The Mesolithic in Wales
The warming of the climate that heralded the end of the last Ice Age approximately 12,000
years ago caused the steady melting of the ice sheets, the raising of sea levels and the subsequent gradual
inundation of vast areas of low lying land causing the isolation of Britain from the rest of Europe. The warmer
climate and ensuing changes in vegetation during this period allowed the Mesolithic hunter-gatherers to exploit
both land and marine resources, with settlement perhaps focused in coastal areas and river valleys. Nevertheless,
there is some evidence of the utilisation of the uplands in the early Mesolithic as at Waun Fignen Felin in
the Brecon Beacons. The distribution map of known Mesolithic sites in Wales shows a concentration of sites in
coastal locations particularly along the north and south coasts, indicating that the Welsh shoreline area offered
an abundant source of food and other materials. These coastal sites include the earliest dated Mesolithic site
in Wales, The Nab Head at St Brides Bay, at around 10,500 years ago.

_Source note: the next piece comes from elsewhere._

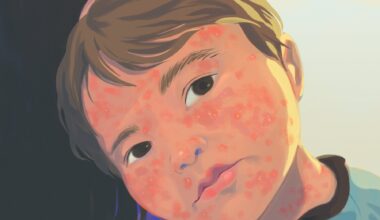 An illustration of a young boy, his face covered in measles, resting his head on his mother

As time progressed rising sea levels caused the hunter-gatherer people
to move into and adapt to new environments. In the later Mesolithic there is evidence of
the increasing exploitation of upland areas, as seen at the apparent seasonal hunting sites
around Llyn Brenig, Denbighshire. It has long been thought that, as in the Palaeolithic
period, the transient nature of Mesolithic life is the reason so few settlement sites are
located across Wales or in fact the British Isles; certainly there are no examples of houses
known in Wales. Excavations have, however, identified ‘task sites’ such as those
for the processing of food or for making tools, like The Nab Head at St Brides Bay in Pembrokeshire.
In contrast, fieldwork elsewhere in Britain has identified Mesolithic settlements at Howick,
Northumberland, and more recently in 2010 at Star Carr, North Yorkshire, where perhaps the
oldest known Mesolithic house in the British Isles, built approximately 11,000 years ago,
has been recorded. The house was 3.5 metres wide and was held up by a circle of wooden posts.
The house was occupied over a long period of time, possibly for as much as 500 years. The
site has yielded far more possessions than one would think normal for bands of hunter-gatherers
on the move. These include a boat paddle, beads, arrowheads and antler headdresses, suggesting
rituals developed alongside domestic life.